Among them: Within the last 5 years, for any felony involving fraud, bribery, embezzlement, or a false statement in a loan application or an application for federal financial assistance, or within the last year, for any other felony, has the Applicant (if an individual) or any owner of the Applicant 1) been convicted; 2) pleaded guilty; 3) pleaded nolo contendere; or 4) commenced any form of parole or probation (including probation before judgment)?

The case of Zwanger & Pesiri Radiology Group, LLP was settled in 2016, within five years of the PPP loan, which the company got approval for in April 2020. There was a guilty plea in a related case brought by the U. S. Attorney’s Office in the Eastern District of New York. But the guilty plea did not come from Mendelsohn or Zwanger & Pesiri Radiology Group, LLP. Instead, it came from Zwanger-Pesiri, Inc., an entirely new company that Mendelsohn’s attorney filed for just months before the 2016 settlement.

However,Zwanger-Pesiri Inc., pleaded guilty to the Medicaid and Medicare fraud charges, and is listed in court documents as “part of a family of radiology companies headquartered in Long Island.”

Mendelsohn told Gothamist he never pleaded guilty to anything, that it was Zwanger-Pesiri, Inc. that pleaded guilty. He claimed to have no connection to Zwanger-Pesiri, Inc.

His company, Zwanger & Pesiri Radiology Group, LLP, was the company that got the loan.

A call to the bank listed as providing the loan to Mendelsohn’s company, Manufacturers and Traders Trust Company, was not returned.

There were several other companies that qualified for the larger PPP loans which are included on the Good Jobs First list.
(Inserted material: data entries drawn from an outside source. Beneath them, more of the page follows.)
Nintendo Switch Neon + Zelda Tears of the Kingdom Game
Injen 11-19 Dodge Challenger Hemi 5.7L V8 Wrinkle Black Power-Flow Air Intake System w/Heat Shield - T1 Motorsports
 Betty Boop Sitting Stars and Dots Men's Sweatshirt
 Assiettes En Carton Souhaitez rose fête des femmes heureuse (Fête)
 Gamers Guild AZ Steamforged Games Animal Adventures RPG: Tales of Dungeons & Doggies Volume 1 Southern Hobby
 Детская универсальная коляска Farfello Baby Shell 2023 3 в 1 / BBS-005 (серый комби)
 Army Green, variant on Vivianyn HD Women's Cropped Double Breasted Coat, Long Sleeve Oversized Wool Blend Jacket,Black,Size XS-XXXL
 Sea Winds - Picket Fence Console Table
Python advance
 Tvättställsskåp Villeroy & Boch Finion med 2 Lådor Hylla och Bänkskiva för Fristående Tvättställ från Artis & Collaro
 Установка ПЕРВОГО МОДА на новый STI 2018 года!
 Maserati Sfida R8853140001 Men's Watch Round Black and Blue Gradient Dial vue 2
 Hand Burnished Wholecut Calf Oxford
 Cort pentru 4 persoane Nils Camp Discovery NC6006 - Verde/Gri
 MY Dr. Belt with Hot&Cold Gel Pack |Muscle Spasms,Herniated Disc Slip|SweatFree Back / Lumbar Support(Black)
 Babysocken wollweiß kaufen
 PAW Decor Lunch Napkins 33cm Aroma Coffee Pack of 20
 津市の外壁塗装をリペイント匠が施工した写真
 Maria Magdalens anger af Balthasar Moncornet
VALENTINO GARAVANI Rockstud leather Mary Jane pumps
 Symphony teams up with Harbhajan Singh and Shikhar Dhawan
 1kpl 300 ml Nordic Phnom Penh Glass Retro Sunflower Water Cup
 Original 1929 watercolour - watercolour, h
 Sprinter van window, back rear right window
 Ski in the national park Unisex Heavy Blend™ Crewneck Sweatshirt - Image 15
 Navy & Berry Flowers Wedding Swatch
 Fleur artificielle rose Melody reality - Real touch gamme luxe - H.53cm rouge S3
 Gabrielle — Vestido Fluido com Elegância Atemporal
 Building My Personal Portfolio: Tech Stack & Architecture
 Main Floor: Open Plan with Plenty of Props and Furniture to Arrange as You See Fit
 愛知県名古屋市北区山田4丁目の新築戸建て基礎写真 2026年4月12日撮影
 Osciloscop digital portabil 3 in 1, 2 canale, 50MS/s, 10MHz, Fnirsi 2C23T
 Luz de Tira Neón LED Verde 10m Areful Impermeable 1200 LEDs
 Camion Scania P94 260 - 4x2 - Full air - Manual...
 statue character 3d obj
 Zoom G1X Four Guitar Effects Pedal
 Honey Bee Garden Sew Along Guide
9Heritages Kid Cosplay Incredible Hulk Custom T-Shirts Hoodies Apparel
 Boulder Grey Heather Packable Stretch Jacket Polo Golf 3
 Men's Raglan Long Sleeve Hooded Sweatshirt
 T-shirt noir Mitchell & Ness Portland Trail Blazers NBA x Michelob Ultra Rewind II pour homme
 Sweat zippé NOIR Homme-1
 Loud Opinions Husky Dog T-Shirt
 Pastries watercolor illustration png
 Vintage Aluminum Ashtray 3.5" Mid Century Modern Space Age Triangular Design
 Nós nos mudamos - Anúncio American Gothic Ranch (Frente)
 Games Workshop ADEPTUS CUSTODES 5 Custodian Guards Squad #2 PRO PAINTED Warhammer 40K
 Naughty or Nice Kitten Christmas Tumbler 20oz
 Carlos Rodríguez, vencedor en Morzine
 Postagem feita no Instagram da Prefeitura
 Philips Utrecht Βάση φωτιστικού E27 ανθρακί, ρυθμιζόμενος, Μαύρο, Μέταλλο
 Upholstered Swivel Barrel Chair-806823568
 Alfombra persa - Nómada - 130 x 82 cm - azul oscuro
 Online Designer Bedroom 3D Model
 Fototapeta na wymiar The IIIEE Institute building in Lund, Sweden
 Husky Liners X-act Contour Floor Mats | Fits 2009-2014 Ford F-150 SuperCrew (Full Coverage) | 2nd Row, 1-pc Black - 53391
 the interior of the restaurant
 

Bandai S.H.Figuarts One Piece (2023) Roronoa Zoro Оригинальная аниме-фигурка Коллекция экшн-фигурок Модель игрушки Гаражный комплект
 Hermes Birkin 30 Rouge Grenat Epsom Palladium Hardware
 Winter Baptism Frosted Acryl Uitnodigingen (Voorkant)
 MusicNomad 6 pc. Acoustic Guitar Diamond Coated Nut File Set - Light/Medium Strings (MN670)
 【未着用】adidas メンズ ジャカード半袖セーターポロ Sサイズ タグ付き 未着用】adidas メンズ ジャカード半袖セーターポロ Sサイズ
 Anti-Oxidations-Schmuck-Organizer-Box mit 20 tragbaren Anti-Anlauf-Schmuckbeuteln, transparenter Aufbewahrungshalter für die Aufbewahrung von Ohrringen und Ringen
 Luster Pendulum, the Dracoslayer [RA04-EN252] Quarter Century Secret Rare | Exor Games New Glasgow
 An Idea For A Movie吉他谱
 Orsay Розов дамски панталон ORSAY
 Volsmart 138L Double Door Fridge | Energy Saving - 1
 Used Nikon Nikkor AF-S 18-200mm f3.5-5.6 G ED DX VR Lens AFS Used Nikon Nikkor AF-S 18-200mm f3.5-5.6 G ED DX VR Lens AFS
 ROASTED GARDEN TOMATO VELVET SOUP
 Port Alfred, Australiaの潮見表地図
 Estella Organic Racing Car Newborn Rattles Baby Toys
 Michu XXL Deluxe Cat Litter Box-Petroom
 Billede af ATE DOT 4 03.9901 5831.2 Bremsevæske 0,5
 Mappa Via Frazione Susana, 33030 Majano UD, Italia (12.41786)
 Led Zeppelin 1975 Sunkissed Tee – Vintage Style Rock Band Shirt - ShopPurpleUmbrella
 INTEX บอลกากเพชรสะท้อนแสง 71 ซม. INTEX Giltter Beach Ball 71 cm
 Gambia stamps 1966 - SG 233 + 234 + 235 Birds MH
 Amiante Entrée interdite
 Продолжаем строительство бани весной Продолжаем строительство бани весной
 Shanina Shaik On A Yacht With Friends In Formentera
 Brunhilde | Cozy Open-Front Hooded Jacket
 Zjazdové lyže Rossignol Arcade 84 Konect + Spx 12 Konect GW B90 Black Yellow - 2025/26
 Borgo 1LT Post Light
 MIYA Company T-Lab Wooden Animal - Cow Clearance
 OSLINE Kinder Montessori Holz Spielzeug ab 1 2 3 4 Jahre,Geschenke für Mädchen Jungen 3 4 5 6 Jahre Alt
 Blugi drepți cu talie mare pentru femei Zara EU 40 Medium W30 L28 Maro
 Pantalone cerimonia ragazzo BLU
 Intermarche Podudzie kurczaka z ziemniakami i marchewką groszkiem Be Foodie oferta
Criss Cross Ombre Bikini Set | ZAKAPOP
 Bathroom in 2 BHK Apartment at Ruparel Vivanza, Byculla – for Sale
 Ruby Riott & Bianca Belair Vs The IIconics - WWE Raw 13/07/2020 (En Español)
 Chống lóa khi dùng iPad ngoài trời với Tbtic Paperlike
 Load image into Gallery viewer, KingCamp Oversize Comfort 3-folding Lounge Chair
Among them are Bouchard Transportation Company Inc., based in Melville, which was approved for a federal loan between $5 million and $10 million. In 2013, it paid $13.3 million in a settlement with the National Oceanic and Atmospheric Administration related to an oil spill near Buzzards Bay in Massachusetts that damaged 100 miles of shore and killed wildlife. That was just one of several penalties levied against the company.

Crane-Hogan Structural Systems, Inc., a construction company based in Spencerport, was also approved for loan between $2 million and $5 million dollars under the federal program. Five years ago, the firm pleaded guilty to dumping concrete slurry in the Susquehanna River and was fined $500,000.